▸ **WORKING DATA**:
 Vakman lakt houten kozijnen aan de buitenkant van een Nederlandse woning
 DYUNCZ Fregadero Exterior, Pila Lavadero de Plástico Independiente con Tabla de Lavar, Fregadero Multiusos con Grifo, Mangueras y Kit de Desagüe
--
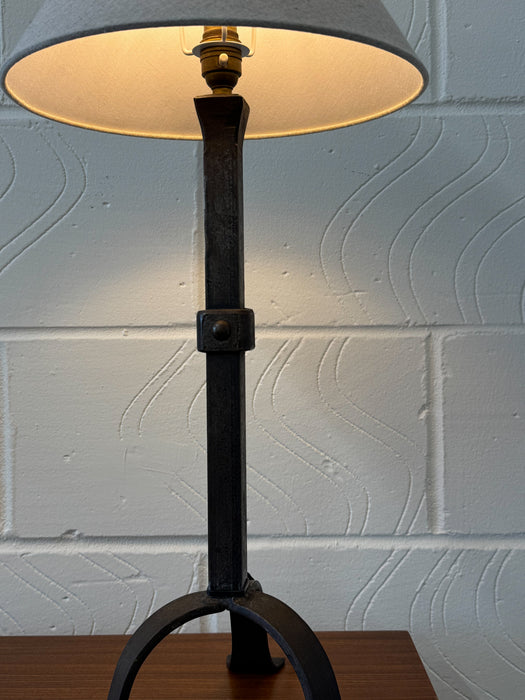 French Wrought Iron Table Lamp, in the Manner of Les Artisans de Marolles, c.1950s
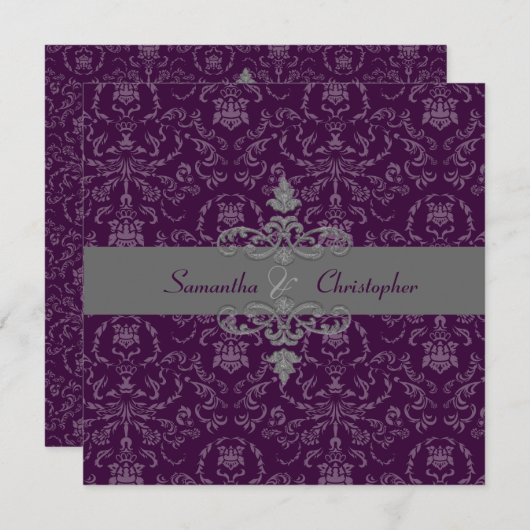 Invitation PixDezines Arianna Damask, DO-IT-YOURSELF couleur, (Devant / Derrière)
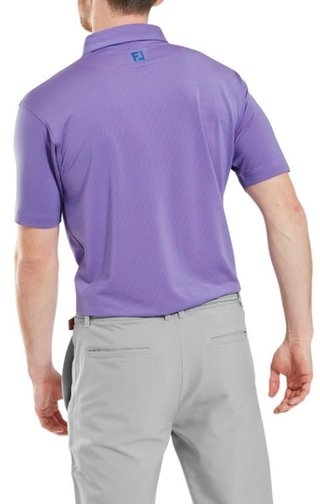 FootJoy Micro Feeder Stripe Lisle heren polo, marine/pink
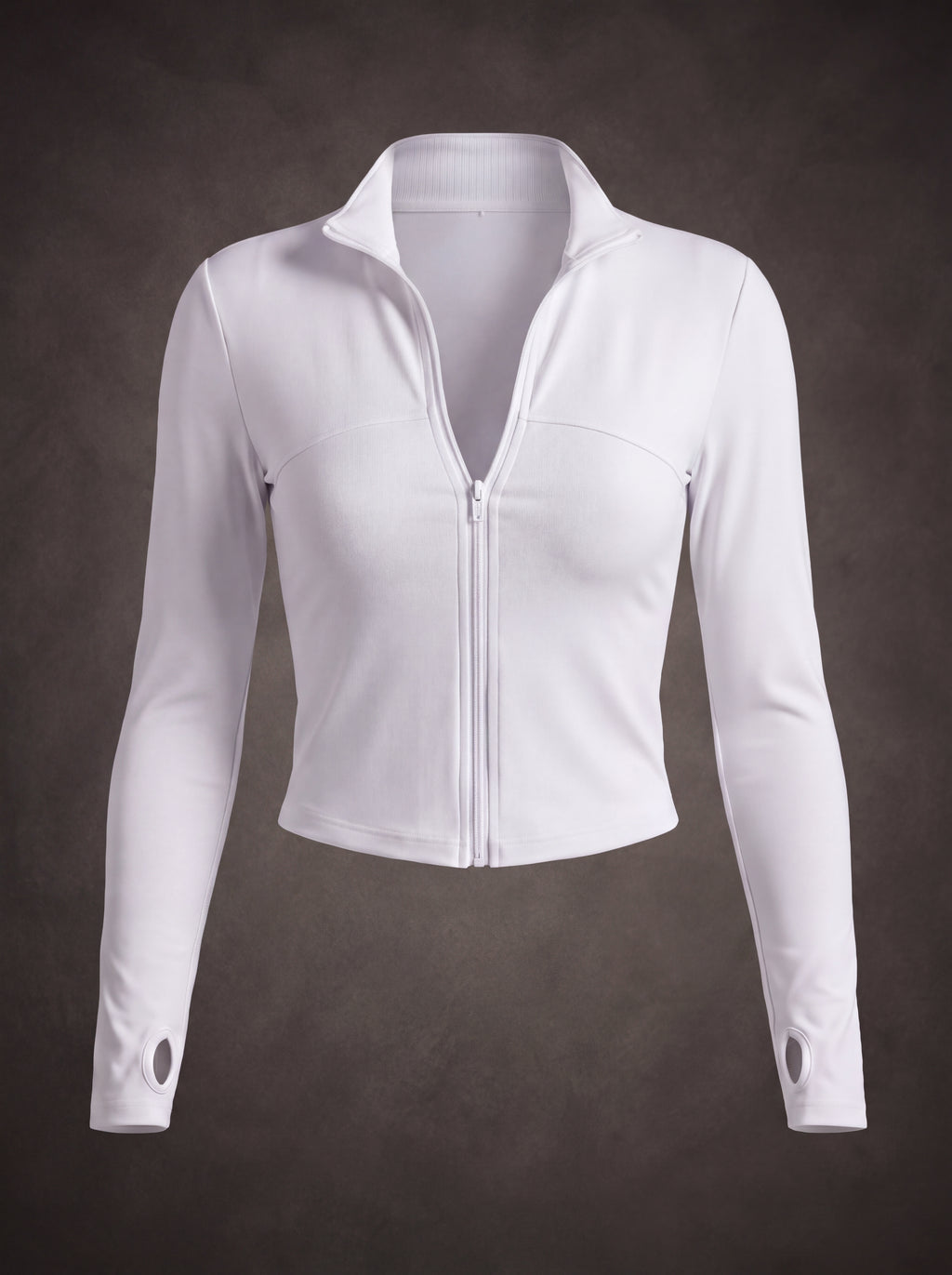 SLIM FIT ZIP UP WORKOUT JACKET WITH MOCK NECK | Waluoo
--
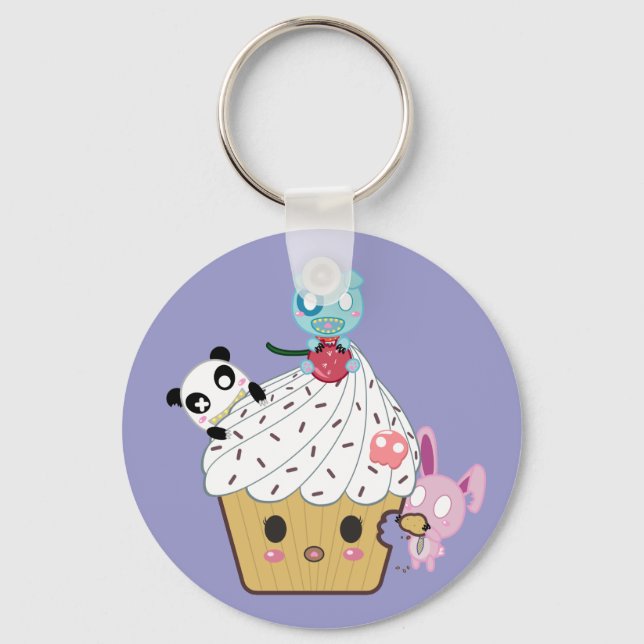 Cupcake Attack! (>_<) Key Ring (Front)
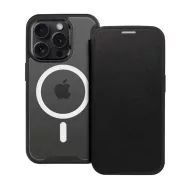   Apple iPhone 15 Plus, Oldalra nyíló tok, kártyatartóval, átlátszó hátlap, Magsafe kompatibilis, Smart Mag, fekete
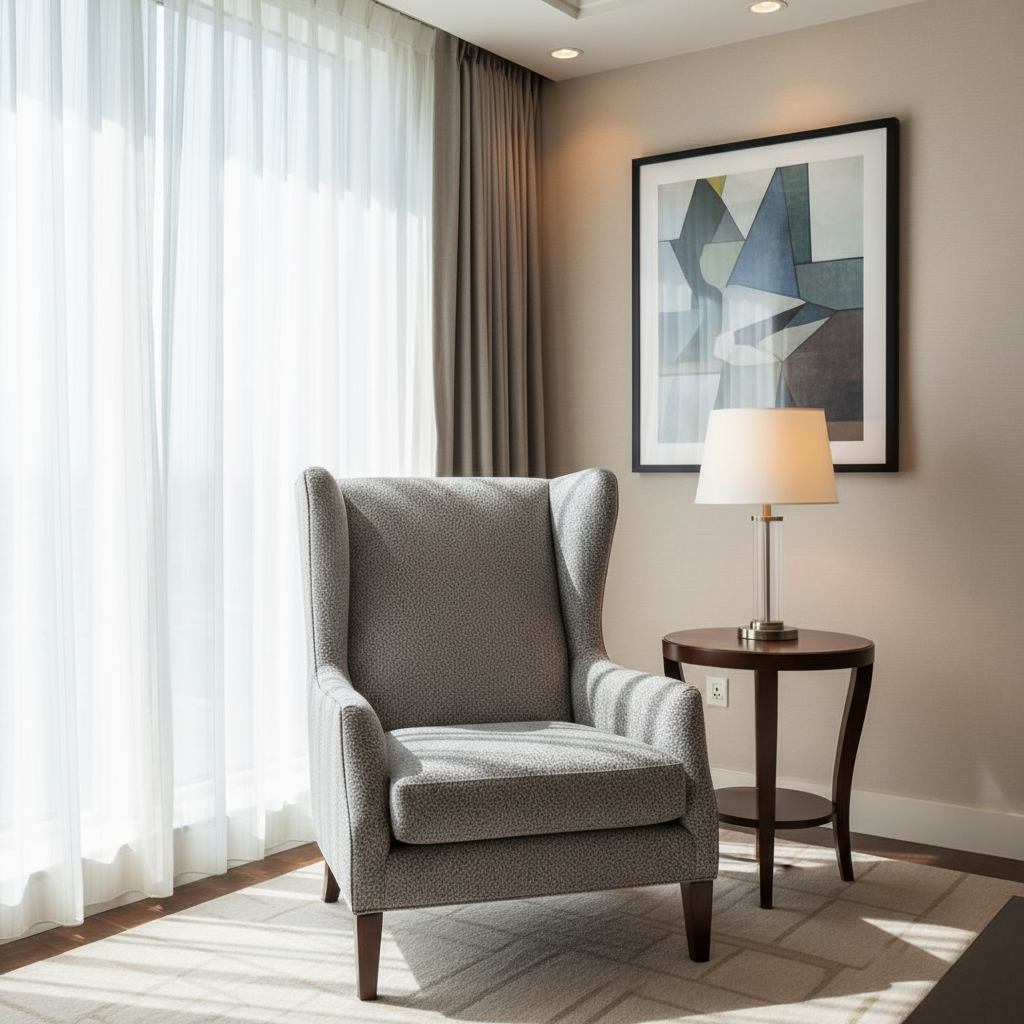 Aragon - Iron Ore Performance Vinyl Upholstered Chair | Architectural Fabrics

▸ **WORK ITEM**:
Please give back exactly the lines of this listing beginning at the line with "Vakman lakt houten" and ending with the line with "DYUNCZ Fregadero Exterior, Pila", both included, and nothing else.

▸ **COMPLETED EXERCISE**:
 Vakman lakt houten kozijnen aan de buitenkant van een Nederlandse woning
 DYUNCZ Fregadero Exterior, Pila Lavadero de Plástico Independiente con Tabla de Lavar, Fregadero Multiusos con Grifo, Mangueras y Kit de Desagüe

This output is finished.